Stretch marks or striae distensae are visible linear scars which develop as a result of excessive stretching of the skin associated with rapid growth or rapid weight changes, such as during puberty or pregnancy. Stretch marks occur in the dermis, the resilient middle tissue layer that helps the skin retain its shape.
Stretch marks often cause cosmetic concern and psychological distress in affected individuals. With increasing preference for outdoor activities and increasing incidence of revealing apparel, treatment of striae has become a necessity in many patients.
Fractional laser resurfacing involves the deposition of a pixelated pattern of microscopic laser wounds surrounded by healthy tissue resulting in both greater efficacy and shorter downtime compared to non-fractionated treatments. It can be further subdivided into ablative and non-ablative. Ablative fractional lasers have longer wavelengths (e.g. CO2 10600nm) and lead to full-thickness destruction of skin, whereas non-ablative fractional lasers have shorter wavelengths (e.g. Erbium Glass 1550nm) and leave an intact skin surface. CO2 has greater efficacy compared with Erbium Glass but longer recovery time and a higher risk of complications.
Fractional Infrared Lasers have a good body of research evidence demonstrating safety and efficacy. They are the gold standard treatment for scarring against which other treatments are compared.
Discovery Pico Plus is a second-generation triple wavelength picosecond laser that generates the highest peak power in the world. A special microlens array further focusses the energy into numerous micro-beams 2mm under the skin. The highly concentrated energy produces laser-induced optical breakdown (LIOB) stimulating scar remodelling with almost no downtime.
Fractional Radiofrequency creates a pyramidal thermal injury zone (a relatively large coagulation zone deep in the skin with minimal surface damage) as opposed to the columnar shape of ablative lasers. Hence Fractional Radiofrequency has a favourable side-effect profile (such as downtime, post-inflammatory hyperpigmentation) in comparison to fractional lasers.
Scar remodelling requires heat delivery to the deep part of the skin. However, in most machine-based treatments for scarring such as lasers, much of the energy is dissipated at the skin surface and little reaches the deep layers. Fractional microneedle radiofrequency overcomes this using insulated microneedles to spare the upper part of the skin and deliver radiofrequency energy precisely up to 4mm deep in the skin, resulting in faster recovery, higher efficacy and increased safety.
Vascular lasers (such as pulsed dye lasers, yellow lasers, long-pulsed diode or NdYAG) target haemoglobin in blood vessels destroying them. They are useful for hypertrophic / keloid scars and fresh stretch marks. Intense Pulsed Light used together with special vascular filters can be used for similar purposes as well but is generally less powerful
Stretch marks or striae distensae represent dermal scars with epidermal atrophy. They commonly appear after weight loss or pregnancy. Many patients regard them as unsightly and feel less confident because of their stretch marks. They may even be reluctant to participate in social occasions such as going to the pool or beach as they are self-conscious about their stretch marks.

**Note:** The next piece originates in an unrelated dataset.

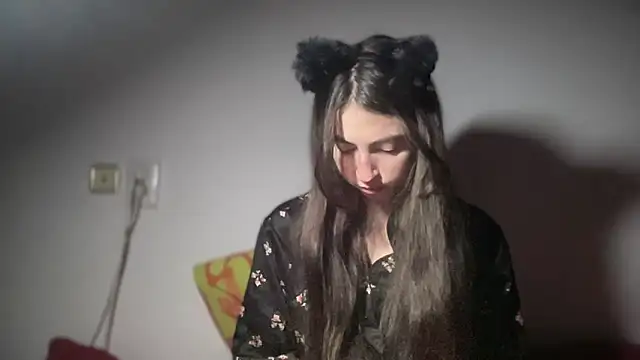 Aphr0ditee online show from January 13, 2026, 2:54 pm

Topical treatments such as vitamin A and chemical peels can help, however, they don't really produce very obvious results. They should be used as an adjunct to energy-based treatments.
Fresh stretch marks are reddish (striae distensae rubra) while old stretch marks are white (striae distensae alba). Early treatment of stretch marks generally yields better results.

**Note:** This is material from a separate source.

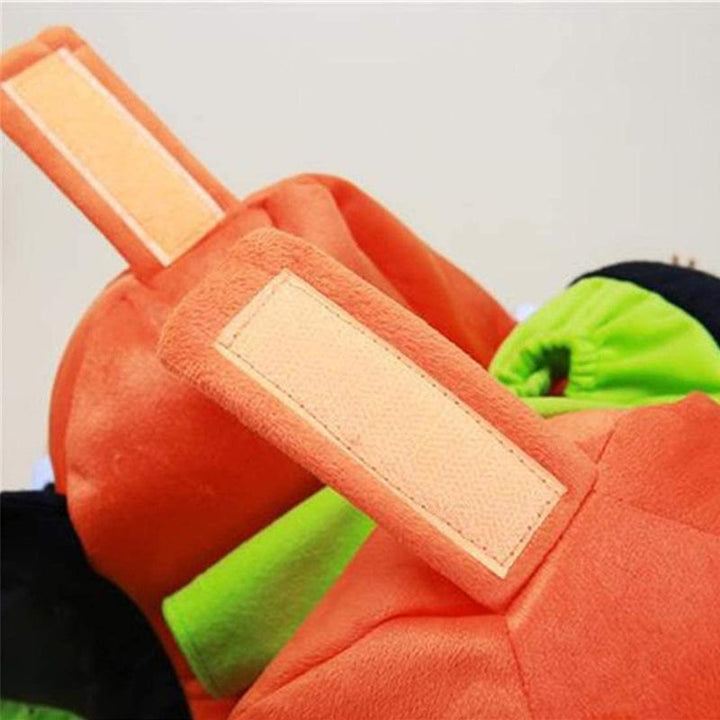 "Chic Halloween hunddräkt med livfull pumpadesign i mjuk sammet, perfekt för små till stora hundar. Justerbar passform."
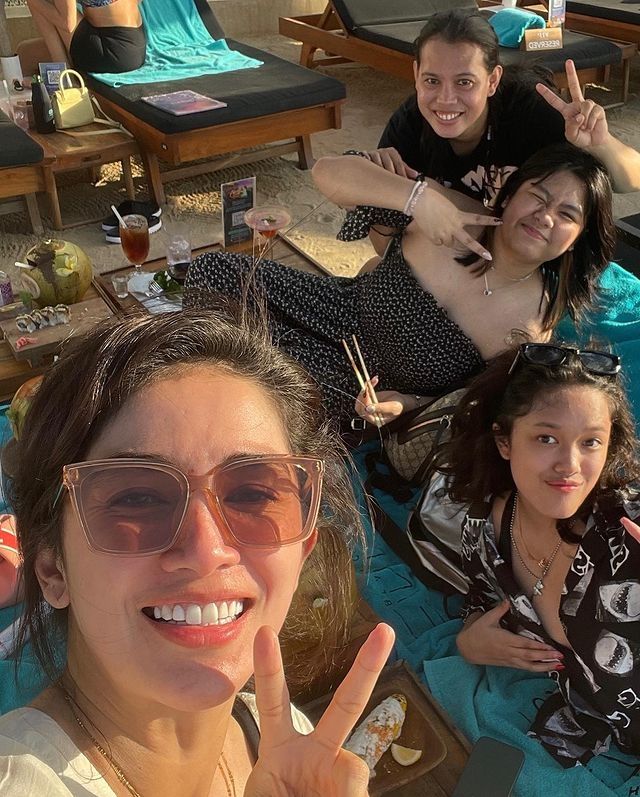 Potret seru Ussy Sulistiawaty bersama Amel dan Syafa saat berlibur di Bali. [Instagram]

Fractional resurfacing devices (such as Fractional Radiofrequency, Fractional Lasers, Fractional Microneedling Radiofrequency) can produce visible clinical improvements in the length, width, depth and colour of stretch marks, with good patient satisfaction. Vascular lasers can also help with the red discoloration of fresh stretch marks.

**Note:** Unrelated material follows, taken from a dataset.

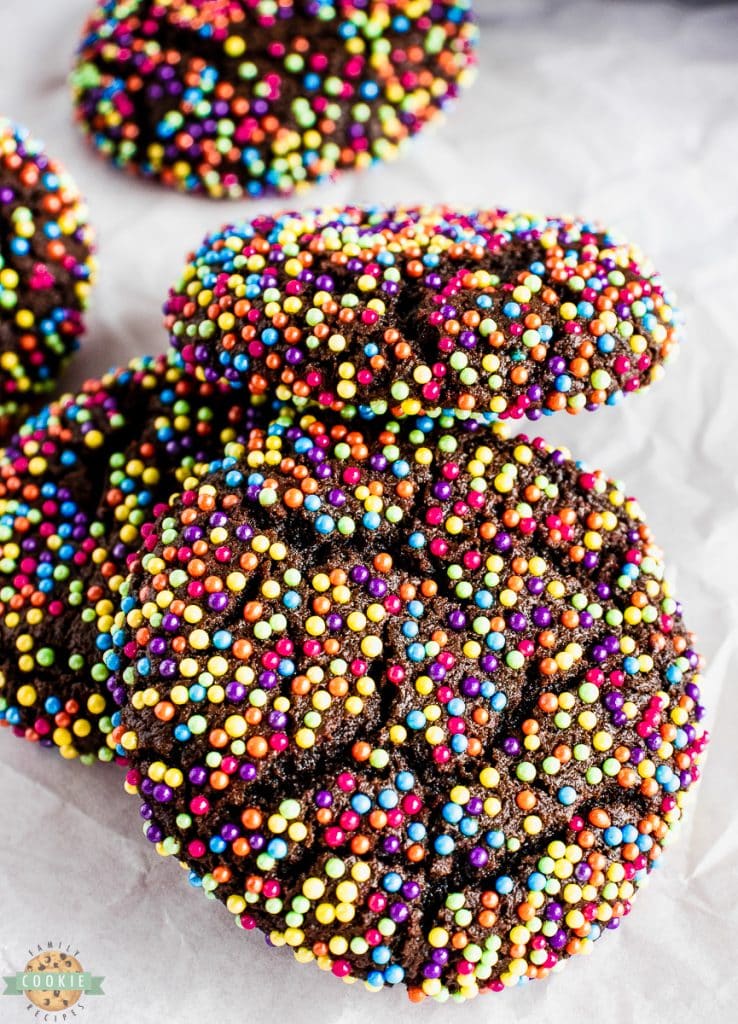 sprinkle cookies with chocolate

Dr Wan has a wide arsenal of fractional energy devices and lasers to treat stretch marks. The choice of approach would be guided by the patient's budget, tolerance of downtime and severity and configuration of stretch marks.
As stretch marks are not uniform, it would not make any sense to treat the entire area indiscriminately. Rather, Dr Wan utilizes a more nuanced approach to accurately and intensively target only the stretch marks. This ensures adequate treatment while reducing the chance of complications such as post-inflammatory hyperpigmentation.